Когда он вернулся в кульверт под больницей Святого Георгия, тишина была забыта.

Свен Сундквист и Людвиг Эрфорс, стоя посреди коридора, разговаривали — о чем, он толком не понял. Кинолог с собакой ждал у ограждения дальнейших распоряжений. Нильс Крантц получил ключ, отпер дверь в стене и сейчас, громко и фальшиво насвистывая, выявлял на внутренней поверхности двери отпечатки пальцев — орудовал кисточкой и порошком.

Эверт Гренс не спеша направился к двери. И остановился, когда Крантц раздраженно замахал рукой, — попробовал вглядеться в темноту проема. Кромешный мрак, в котором глаза вообще отказывались что-либо различать. Огромная цементная труба, уходящая вдаль, пожалуй, какая-то черная планка под потолком, а больше ничего. Но вот запах. Тот самый, кисловатый, дымный, как от убитой женщины. И тепло, здесь явно теплее, чем в кульверте.

Вот откуда ты взялась.

— Я закончил, — удовлетворенно произнес Нильс Крантц. Его миссия, осмотр места преступления, была завершена.

Ты умерла там.

— Больше не будешь мазать?

— Дверь открыта.

Гренс обернулся к кинологу. Примерно в его годах. Но более подтянут, и волос побольше. Собака неподвижно сидела у его ног. Овчарка, почти черная, гораздо темнее тех, каких он помнил по былым временам.

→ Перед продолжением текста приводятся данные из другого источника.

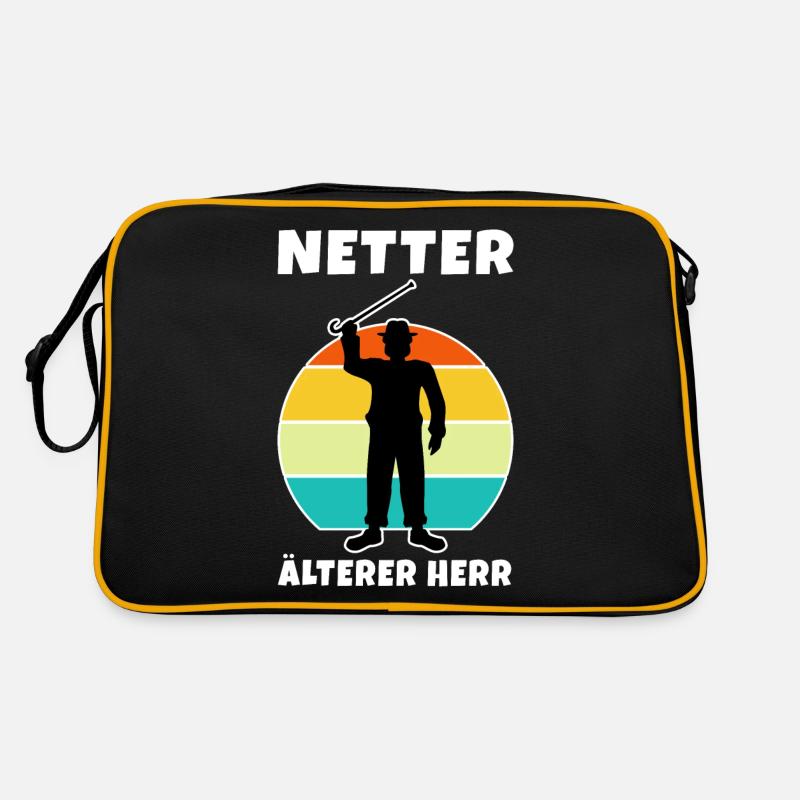 Netter ältere Herr Retro Tasche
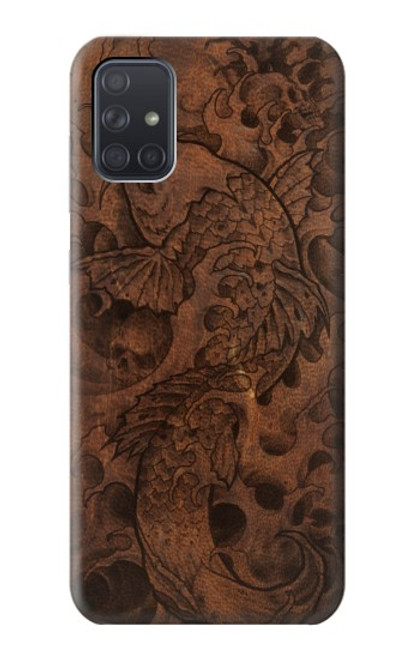 W3405 Graphique poisson Tatouage cuir Imprimer Etui Coque Housse et Flip Housse Cuir pour Samsung Galaxy A71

Четкие, отлаженные движения, чуть ли не автоматические.

Ременная шлейка, пятнадцатиметровый поводок, пристегнутый к ней карабином и пока что выпущенный совсем немного.

Улавливая сигналы, тренированное животное нетерпеливо заскулило и забило хвостом.

Кинолог перехватил взгляд Гренса и повел собаку к дверному проему.

Потом сделал знак рукой.

Вперед, в туннель.

Следующей командой он задал направление: прямо!

*

Она посмотрела на часы, лежавшие на ящике у стены. Маленькие, из серебристого металла, с голубым циферблатом. Она смотрела на них раз в неделю. Лишь раз в неделю ей нужно было знать время.

11:05. Еще почти час.

Лео опять проснулся, нервно зашевелился, с ним так бывало временами, когда вокруг становилось опасно, а он не мог спрятаться. Она привыкла к подобным случаям и иногда давала ему свои таблетки, хотя их едва хватало, справлялась с собственным страхом, но видеть его страх была не в силах.